This post originally appeared at the Fort Worth Weekly's website. To view it there : http://www.fwweekly.com/2016/07/26/sports-rush-keeping-the-olympics-from-flaming-out/
This year, the buzz about Olympic athletes has revolved in large part around those not going to Brazil. Some fear the Zika virus. Others will likely find themselves excluded as part of a blanket ban of Russian athletes in certain sports.
Such controversies are not unusual.
The Olympics has always had problems assembling all of the world’s best athletes every four years :
* Combat : World War I cancelled the 1916 event in its entirety. World War II stopped another four competitions.
* Boycotts : From Ireland in 1908 through the Communist countries in
1984 and 1988, numerous Games have been marred by governments preventing
their resident athletes from participating.
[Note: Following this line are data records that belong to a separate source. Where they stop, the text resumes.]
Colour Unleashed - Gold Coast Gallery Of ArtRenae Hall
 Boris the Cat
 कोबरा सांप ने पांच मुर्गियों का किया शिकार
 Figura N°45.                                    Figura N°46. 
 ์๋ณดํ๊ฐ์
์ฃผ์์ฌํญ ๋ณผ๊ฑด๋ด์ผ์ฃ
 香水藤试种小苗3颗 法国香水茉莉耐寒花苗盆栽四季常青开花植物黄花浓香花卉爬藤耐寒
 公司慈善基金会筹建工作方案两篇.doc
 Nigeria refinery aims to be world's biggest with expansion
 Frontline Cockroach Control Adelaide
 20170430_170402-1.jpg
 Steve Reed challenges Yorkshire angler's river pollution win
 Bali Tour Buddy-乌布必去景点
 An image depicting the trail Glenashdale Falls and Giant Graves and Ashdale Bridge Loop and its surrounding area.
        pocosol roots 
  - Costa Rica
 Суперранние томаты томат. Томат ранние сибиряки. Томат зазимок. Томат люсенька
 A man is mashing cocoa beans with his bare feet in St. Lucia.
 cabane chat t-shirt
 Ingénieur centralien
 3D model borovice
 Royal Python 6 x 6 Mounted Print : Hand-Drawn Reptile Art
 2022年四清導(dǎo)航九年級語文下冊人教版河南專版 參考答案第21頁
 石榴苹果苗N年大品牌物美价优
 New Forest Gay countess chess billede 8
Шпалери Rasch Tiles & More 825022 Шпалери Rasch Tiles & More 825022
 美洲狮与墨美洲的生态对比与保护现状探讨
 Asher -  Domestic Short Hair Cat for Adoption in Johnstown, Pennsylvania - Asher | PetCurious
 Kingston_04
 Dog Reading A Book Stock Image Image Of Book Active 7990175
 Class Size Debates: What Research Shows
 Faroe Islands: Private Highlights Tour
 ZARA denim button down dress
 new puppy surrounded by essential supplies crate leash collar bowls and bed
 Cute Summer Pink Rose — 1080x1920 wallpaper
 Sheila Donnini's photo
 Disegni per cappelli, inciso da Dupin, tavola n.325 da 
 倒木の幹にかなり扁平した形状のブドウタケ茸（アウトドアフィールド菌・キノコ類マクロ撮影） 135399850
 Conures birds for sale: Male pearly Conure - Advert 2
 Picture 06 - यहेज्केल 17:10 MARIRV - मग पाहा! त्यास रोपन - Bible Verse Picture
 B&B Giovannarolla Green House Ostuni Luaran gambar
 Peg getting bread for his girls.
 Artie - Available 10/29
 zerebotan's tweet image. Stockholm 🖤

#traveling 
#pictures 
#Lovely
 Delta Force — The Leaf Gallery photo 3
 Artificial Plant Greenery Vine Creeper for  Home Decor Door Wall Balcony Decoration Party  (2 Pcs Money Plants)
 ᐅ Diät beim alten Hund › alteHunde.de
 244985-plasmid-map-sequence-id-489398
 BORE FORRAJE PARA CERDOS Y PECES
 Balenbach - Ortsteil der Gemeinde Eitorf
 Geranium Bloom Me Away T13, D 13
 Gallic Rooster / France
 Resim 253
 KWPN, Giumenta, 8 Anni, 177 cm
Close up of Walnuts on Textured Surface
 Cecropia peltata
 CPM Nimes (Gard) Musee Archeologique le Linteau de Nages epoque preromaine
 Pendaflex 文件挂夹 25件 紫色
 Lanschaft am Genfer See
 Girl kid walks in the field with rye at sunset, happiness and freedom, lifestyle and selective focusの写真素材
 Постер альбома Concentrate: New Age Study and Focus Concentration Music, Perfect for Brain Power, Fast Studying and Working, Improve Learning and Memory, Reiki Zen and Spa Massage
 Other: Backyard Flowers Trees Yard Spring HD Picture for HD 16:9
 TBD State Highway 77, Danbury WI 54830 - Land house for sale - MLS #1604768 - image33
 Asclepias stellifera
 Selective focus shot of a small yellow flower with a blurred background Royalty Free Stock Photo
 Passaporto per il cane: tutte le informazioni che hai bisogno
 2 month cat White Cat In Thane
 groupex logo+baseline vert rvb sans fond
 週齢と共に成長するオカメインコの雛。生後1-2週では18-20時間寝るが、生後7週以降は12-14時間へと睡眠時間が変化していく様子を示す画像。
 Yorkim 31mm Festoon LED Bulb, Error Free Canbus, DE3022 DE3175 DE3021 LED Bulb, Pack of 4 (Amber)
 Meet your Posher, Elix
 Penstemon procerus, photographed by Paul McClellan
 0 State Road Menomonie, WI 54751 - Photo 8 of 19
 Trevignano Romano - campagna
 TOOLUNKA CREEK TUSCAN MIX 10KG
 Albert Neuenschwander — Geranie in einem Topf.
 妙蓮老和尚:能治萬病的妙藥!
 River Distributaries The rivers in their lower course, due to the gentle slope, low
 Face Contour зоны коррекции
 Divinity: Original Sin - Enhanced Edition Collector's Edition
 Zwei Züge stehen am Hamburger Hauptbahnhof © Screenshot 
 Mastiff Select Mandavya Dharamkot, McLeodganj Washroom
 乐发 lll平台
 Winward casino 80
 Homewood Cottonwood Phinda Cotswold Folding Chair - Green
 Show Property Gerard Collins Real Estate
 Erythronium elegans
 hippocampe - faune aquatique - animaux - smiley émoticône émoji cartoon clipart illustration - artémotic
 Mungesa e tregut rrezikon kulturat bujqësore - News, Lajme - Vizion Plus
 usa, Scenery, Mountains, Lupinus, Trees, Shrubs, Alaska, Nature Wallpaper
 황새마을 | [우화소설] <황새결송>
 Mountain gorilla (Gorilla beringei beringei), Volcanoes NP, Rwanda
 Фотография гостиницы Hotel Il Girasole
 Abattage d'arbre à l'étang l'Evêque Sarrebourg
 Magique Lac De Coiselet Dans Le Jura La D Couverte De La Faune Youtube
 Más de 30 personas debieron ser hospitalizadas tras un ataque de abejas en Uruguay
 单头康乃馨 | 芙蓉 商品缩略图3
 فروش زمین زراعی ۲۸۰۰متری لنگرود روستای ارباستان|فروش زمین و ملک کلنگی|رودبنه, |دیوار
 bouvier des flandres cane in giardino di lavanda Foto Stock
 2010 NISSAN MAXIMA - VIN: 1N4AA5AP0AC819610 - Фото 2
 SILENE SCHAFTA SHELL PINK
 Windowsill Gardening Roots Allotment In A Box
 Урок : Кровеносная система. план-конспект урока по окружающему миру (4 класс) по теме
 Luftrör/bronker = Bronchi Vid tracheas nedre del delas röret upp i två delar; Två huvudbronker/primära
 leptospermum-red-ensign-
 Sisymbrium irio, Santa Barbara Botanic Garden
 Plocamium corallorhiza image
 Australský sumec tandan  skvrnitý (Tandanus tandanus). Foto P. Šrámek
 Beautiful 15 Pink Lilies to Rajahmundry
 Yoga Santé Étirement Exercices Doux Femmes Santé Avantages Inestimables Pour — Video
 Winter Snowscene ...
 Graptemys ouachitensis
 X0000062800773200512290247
* Apartheid : From 1964 to 1992, the International Olympic Committee
barred South African athletes as a response to the country’s racial
classification system.
* Women : Female athletes could not compete until 1920.
* Shamateurism
: Authorities’ aversion to patrons compensating the sportsmen and women
who entertained them kept us from seeing the likes of Pelé, Bobby Orr,
or Wilt Chamberlain with medals around their necks, and Jim Thorpe from
keeping his golds.
Pierre de Coubertin, the man who spearheaded the revival of the
Olympic Games in the late 19th century, believed “The Olympic Games are
for the world and all nations must be admitted to them.” It has not
always been the case, and much of it has to do with the event’s
nation-state system of organization.
We won’t see Paris Saint-Germain boycott Champions League fixtures in
England next year because Brexit bothered its management. The NBA just moved
its All-Star Game due to actions by North Carolina’s government, but we
can feel assured the Charlotte Hornets will play a full home schedule
next year with no withdrawals by visiting teams. Other than maybe a
geographically contained disaster, like this Zika outbreak, we can’t
imagine a scenario in which a club team would choose not to play in
championship contests for which it had qualified. Even in the rare case
of bankruptcy, a league would step in to make sure an elite team played.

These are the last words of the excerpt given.